Darleen Ortega | 9/29/2015, 12:50 p.m.
It often takes a generation or more before we can grapple very honestly with our most complicated stories, especially if ...
Stephen Michael Spencer (from left), Jack Willis and Tramell Tillman perform in ‘Sweat,’ a dramatic new play that centers on the upheaval that comes to a union town when working class jobs disappear because of new economic realities. ‘Sweat” runs through the month of October at the Oregon Shakespeare Festival in Ashland. Jenny Graham

It often takes a generation or more before we can grapple very honestly with our most complicated stories, especially if they involve people at the margins, or people who aren't in a position to control the dominant narrative. It takes even longer if the marginalized are the protagonists of the story. Think of how long it took, for example, for someone to make a feature film with Martin Luther King Jr. as its protagonist; how much longer will it be before we begin to see more plays and films that delve honestly into the experiences of, say, black schoolchildren in the segregated South, or undocumented immigrants in the era of fences at the U.S. border?

In many ways, we are still in the middle of the so-called economic restructuring at the center of "Sweat," Lynn Nottage's new play currently experiencing its world premiere at the Oregon Shakespeare Festival in Ashland -- and that is part of why it feels so bold. Commissioned as part of OSF's American Revolutions program, supporting new plays that focus on moments of change in American history, "Sweat" is set in the rust-belt community of Reading, Penn., formerly a manufacturing stronghold where a union card was the ticket to a solid living and middle-class respect, however modest. Now, however, Reading is one of the very poorest cities in America, with more than 40 percent of its residents living below the poverty line in the aftermath of the North American Free Trade Agreement (NAFTA). "Sweat" explores some of how that transformation has been experienced by working class people, whose lives have changed course dramatically.

The play is constructed around an ensemble cast -- three middle-aged women who have worked in a particular factory for more than 20 years; the sons of two of the women, beginning what they fully expect will be the basis for a solid living if they want it; a bartender who worked for decades in the same factory before becoming injured on the job; a man who has been locked out of his factory job for an extended period; a probation officer; and a young man who hasn't been able to break into the union. The play moves back and forth in time between 2008, after two of the characters have served time in prison, and 2000, before all of the characters felt the impact of the NAFTA shifts.

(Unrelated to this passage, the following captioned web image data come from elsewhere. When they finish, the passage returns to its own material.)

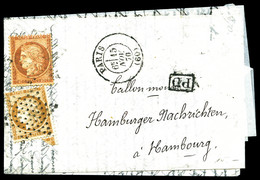 O LE GENERAL ULRICH', Correspondance Havas En Allemand, Affranchie à 50c (10c + 40c Siège) Au Départ De Paris Le 15 Nove - War 1870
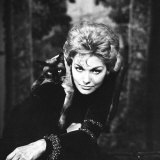 Movie Actress Kim Novak with Siamese Cat During Filming of 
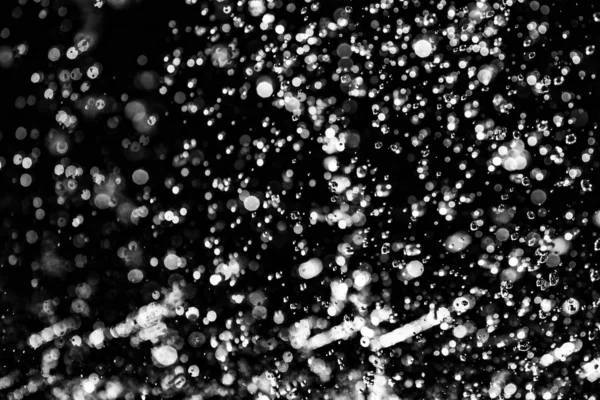 Water Splash Dark Drops Water Flying Defocused Bokeh — Stock Photo, Image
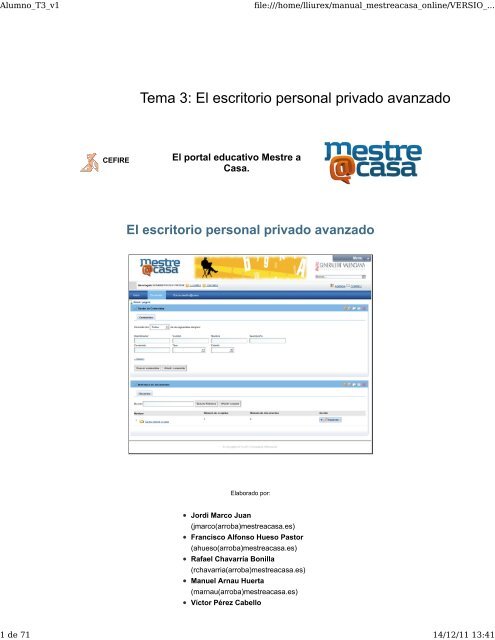 Tema 3: El escritorio personal privado avanzado - Cefire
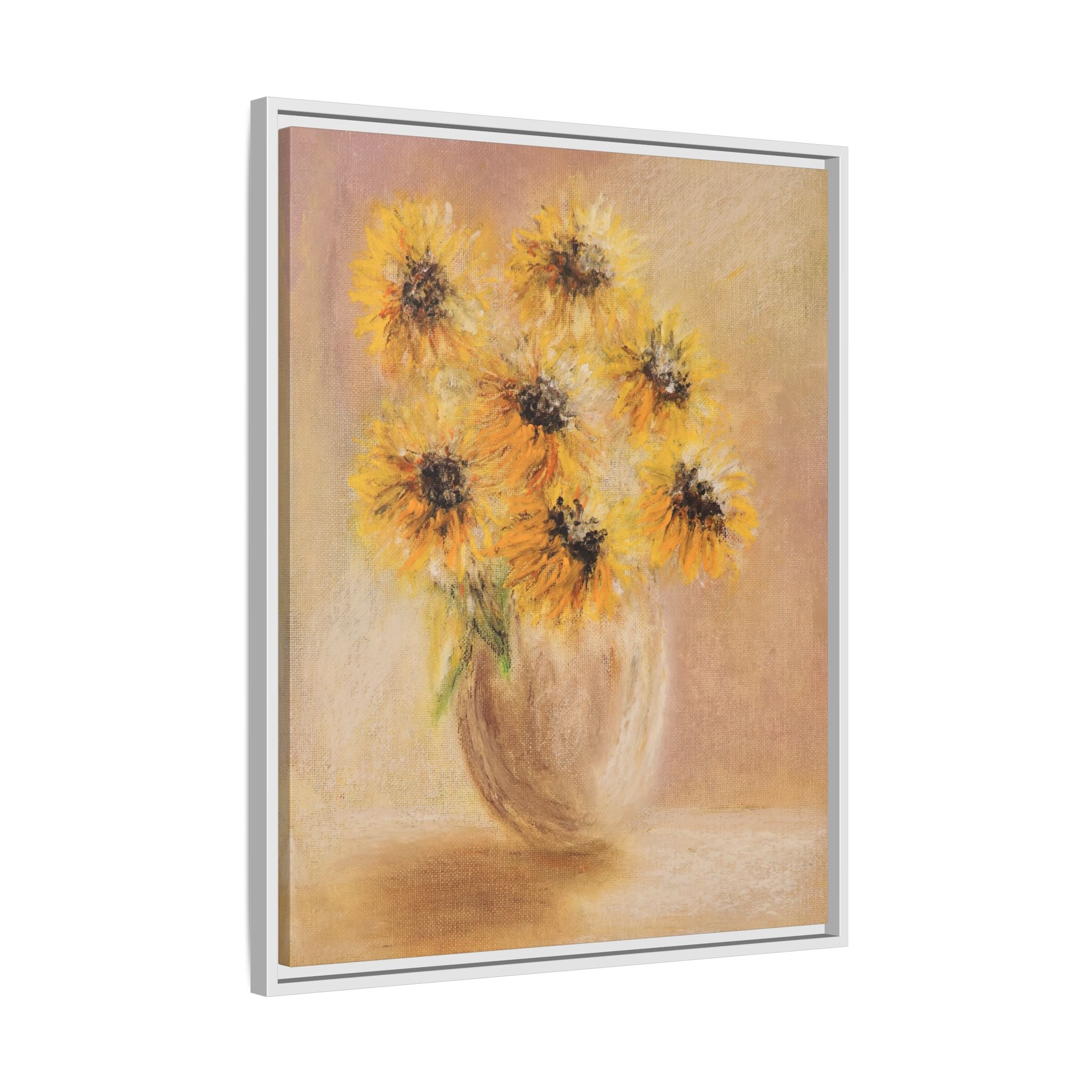 Framed Sunflower Vase — Matte Canvas Wall Art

Like many Americans, I have a passing awareness of economic upheaval over the past 15 years or so, as manufacturing jobs have increasingly moved overseas. But the specifics have largely escaped me; they are definitely not the focus of the dominant news stories. Nottage's new play goes there -- and not from the vantage point of folks with any say in such matters. Having spent two years engaging with members of the Reading community, Nottage has built a story around characters who begin (mostly) as friends, and end up at odds -- but like the rotating set of this play, she circles these stories. The play's movement swirls like a cyclone; in the beginning we know things went bad but we don't know how and don't understand the relationships between these characters. As we swirl back and forth in time and through the shock of lock-outs and increasingly draconian moves from management, we get a sense of the crisis closing in. When we finally reach the conflict that changes the life trajectory of several of these characters, we almost feel the punches ourselves.